The portion of the Legislative Redistricting Plan for Montgomery County takes a status quo approach. However, it still might violate the Maryland Constitution.
What’s Not a Problem
The major change from the current arrangement is that district 9A, centered in Howard County, now takes in a portion of northern Montgomery County around Damascus. This inclusion of a portion of a ninth (!) legislative district reflects Montgomery’s growth.
It also not so coincidentally happens to aid Democratic Sen. Katie Fry Hester who exchanges a bit of very Republican Carroll County for this bit of Montgomery County. Damascus may be among the more Republican areas of Montgomery, but it is probably friendlier turf for her than the portion of Carroll she lost.
None of this should pose a problem for the plan.
What is a Problem
Instead, the potential problem centers on the new version of District 17. When drawn after the 2010 Census, the district included all of Rockville and Gaithersburg. The new version doesn’t. The dark black lines on the above map show my rough look at where the proposed legislative district boundaries cut into the City of Gaithersburg.

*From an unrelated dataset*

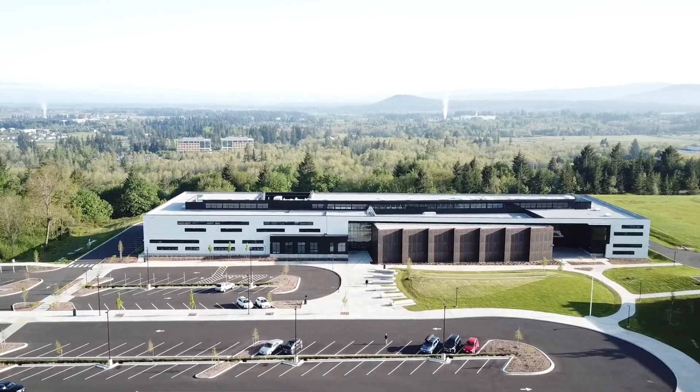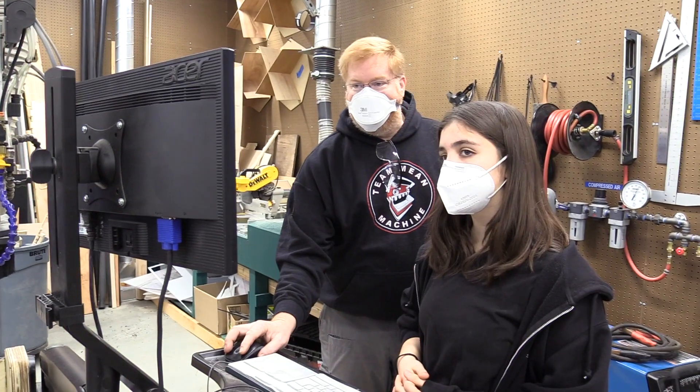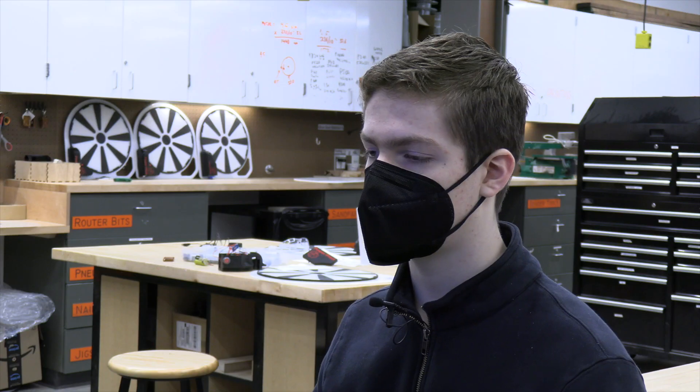Most of the power pivot was made at Discovery High School, which is a project-based learning campus. Both the base and rotating disc were made on a CNC router. The Teflon slip disc and the grip tape were made on a laser cutter. The housing and gear segments were made on a 3D printer. We have custom gears made out of steel, and we order electronics and motors.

Over the past decade, Gaithersburg annexed areas around Quince Orchard and Shady Grove North that are not in the new D17. Larger areas of northeast Gaithersburg just west of Washington Grove are also outside D17. Most of the excised portions are in D39 but the Shady Grove North bit is in D19.
This invites a constitutional challenge because Article III, Section 4 of the Maryland Constitution states that that legislative district boundaries must give “due regard” to “the boundaries of political subdivisions.”

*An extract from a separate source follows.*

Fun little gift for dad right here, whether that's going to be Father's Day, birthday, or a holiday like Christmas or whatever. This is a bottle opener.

The Maryland Court of Appeals gave life to this provision when it invalidated the 2001 map, in part for violating too many boundaries. In particular, more districts straddled the Baltimore City and County boundary than necessary.
The Court made clear the importance of this requirement in its decision, writing: “Non-compliance with a state constitutional requirement is permitted only when it conflicts with a federal requirement or another more important Maryland constitutional requirement.”
The State might argue that hiving off part of Gaithersburg was needed so that the district was not overpopulated. But this feels like a dud. After all, the state could have just split Rockville and Gaithersburg into separate districts that included all of each municipality.
The Legislature has a couple of options short of completely redrawing the plan. First, it could redraw the map to include the currently excluded parts of Gaithersburg. Except that this change might well make the district exceed the acceptable population deviation of +/- 5%. The district is already 2.5% larger than ideal.
If this doesn’t make D17 too large, it would solve the problem and make it difficult to challenge the map on this basis. My guess is that the district would end up overpopulated, as the line drawers would otherwise have done this in the first place.
If it does make it too large, the State could try to justify the deviation as desirable to adhere to municipal boundaries. But this faces the same problem as the proposed map in that one could have just put the two big municipalities into separate districts instead.
The State could roll the dice with the proposed map as it stands. Beyond explaining that the portions sliced off Gaithersburg are small and partially not in the current districts, the State could argue that this change was needed to preserve the cores of current districts. The Special Master argued that this was one reason that the 1992 Plan, which was upheld by the Court, did not violate the Maryland Constitution.
This argument seems unlikely to fly, however, because the Court of Appeals explicitly rejected it in 2001, stating: “The premise on which the Special Master proceeded, that the due regard requirement may be subordinated to achieve a ‘rational goal,’ and the State’s argument that the provision must give way to ‘more important considerations,’ also are wrong.”
The Court goes out of its way to make clear that this provision of the Maryland Constitution limits the state’s power even though the “due regard” provision is less strongly worded than similar provisions in other states. In short, it’s there for good reason, such as limiting partisan gerrymandering, and the State cannot ride roughshod over it.
The Court might still uphold it as a de minimis (i.e. trivial) violation of the provision. It could also rule that violations of municipal boundaries are less serious than the violations of county boundaries. Baltimore City is unusual in that it is the only municipality that is also a county equivalent, so the Court could distinguish these questions about due regard for political boundaries from those at issue in its 2001 decision.
Still, it’ll make the inevitable legal challenge to the Legislative Redistricting Plan a lot more interesting if this remains in the final plan. As in 2001, a victory for plan opponents could result in a court-drawn plan because time is short before the primary.